For the second case above could cause the current LogSegment's num_event growing but the ls->offset couldn't be updated by _submit_thread until later it could acquire the submit_mutex. From the logs we can see that some events size, such as the ESubtreeMap, could reach up to 1MB:
657940 2021-12-15T17:49:39.389+0800 146cb8a13700 5 mds.0.log _submit_thread 2480027743~41 : EImportFinish 0x200000000a3 success 657941 2021-12-15T17:49:39.400+0800 146cb8a13700 5 mds.0.log _submit_thread 2480027804~919866 : ESubtreeMap 1046 subtrees , 1044 ambiguous [metablob 0x1, 1047 dirs] 657942 2021-12-15T17:49:39.401+0800 146cb8a13700 5 mds.0.log _submit_thread 2480947690~41 : EImportFinish 0x2000000006c success 657943 2021-12-15T17:49:39.410+0800 146cb8a13700 5 mds.0.log _submit_thread 2480947751~918987 : ESubtreeMap 1045 subtrees , 1043 ambiguous [metablob 0x1, 1046 dirs]
So in worse case the event's size could be larger than 1MB, such as 20MB. That means the LogSegment size could reach up to `20MB x 1024 = 20GB`. So the journal logs could occupy `20GB x 128 = 2560GB` disk space from the metadata pool.
So after swtiching the submit_mutex to a fair mutex [1] and with the improving PR [2], it will be much better.
[1] : https://github.com/ceph/ceph/pull/44215
[2] : https://github.com/ceph/ceph/pull/44180
Updated by Xiubo Li over 2 years ago
More logs:
8614 2021-12-16T10:02:42.596+0800 14c148b75700 5 mds.0.log _submit_thread 2829812324~1725281 : ESubtreeMap 1653 subtrees , 1651 ambiguous [metablob 0x1, 1973 dirs] 8615 2021-12-16T10:02:42.597+0800 14c148b75700 5 mds.0.log _submit_thread 2831537625~520 : EImportStart 0x2000000000f from mds.1 [metablob 0x2000000000f, 1 dirs] 8616 2021-12-16T10:02:42.624+0800 14c148b75700 5 mds.0.log _submit_thread 2831538165~1724401 : ESubtreeMap 1652 subtrees , 1650 ambiguous [metablob 0x1, 1972 dirs]
The `ESubtreeMap` event will be inserted to each new LogSegment when starting a new one.
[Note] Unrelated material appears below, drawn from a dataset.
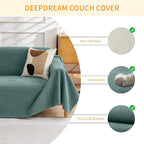 Deep Dream Cat-Scratch Resistant Couch Cover, Waterproof Sofa Cover for 3 Cushion Couch Washable, Pet Friendly Couch Protectors Anti Slip Thickened Love Seat Slipcovers for Dogs Pets,71" x 118",Green
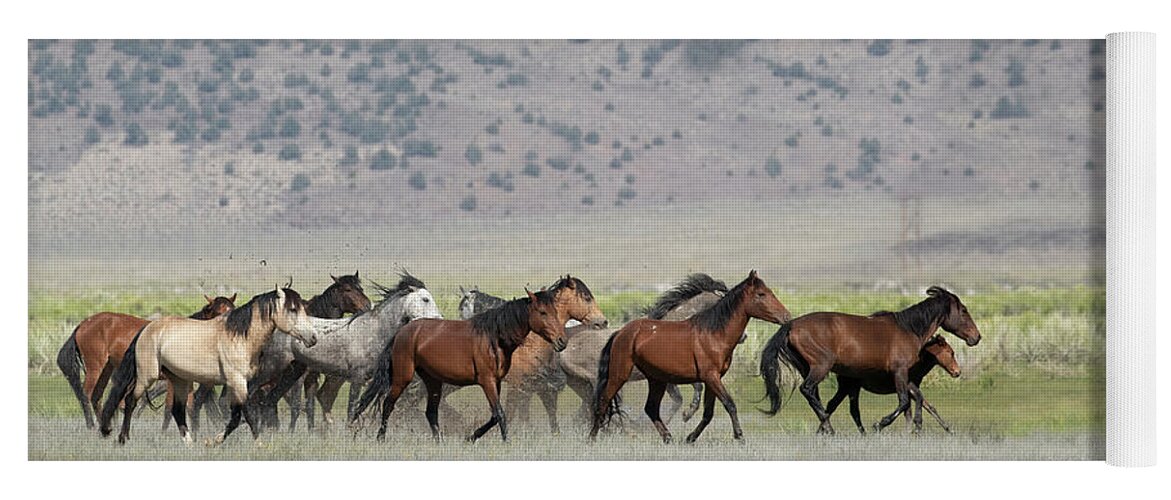 Horses Yoga Mat featuring the photograph Running Wild #2 by Cheryl Strahl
The above logs was reproduced by creating 2000 diretories by using:
# ceph fs set a max_mds 2 # mkdir lxb; setfattr -n ceph.dir.pin -v 1 lxb # for i in {0..2000}; do mkdir lxb/dir2_$i; setfattr -n ceph.dir.pin -v 1 lxb/dir2_$i; done # ceph fs set a max_mds 1
If I create more directories the size of the `ESubtreeMap` event will reach up to more than 4MB, that means each LogSegment will only contain the `ESubtreeMap` event, that's all. So this is buggy.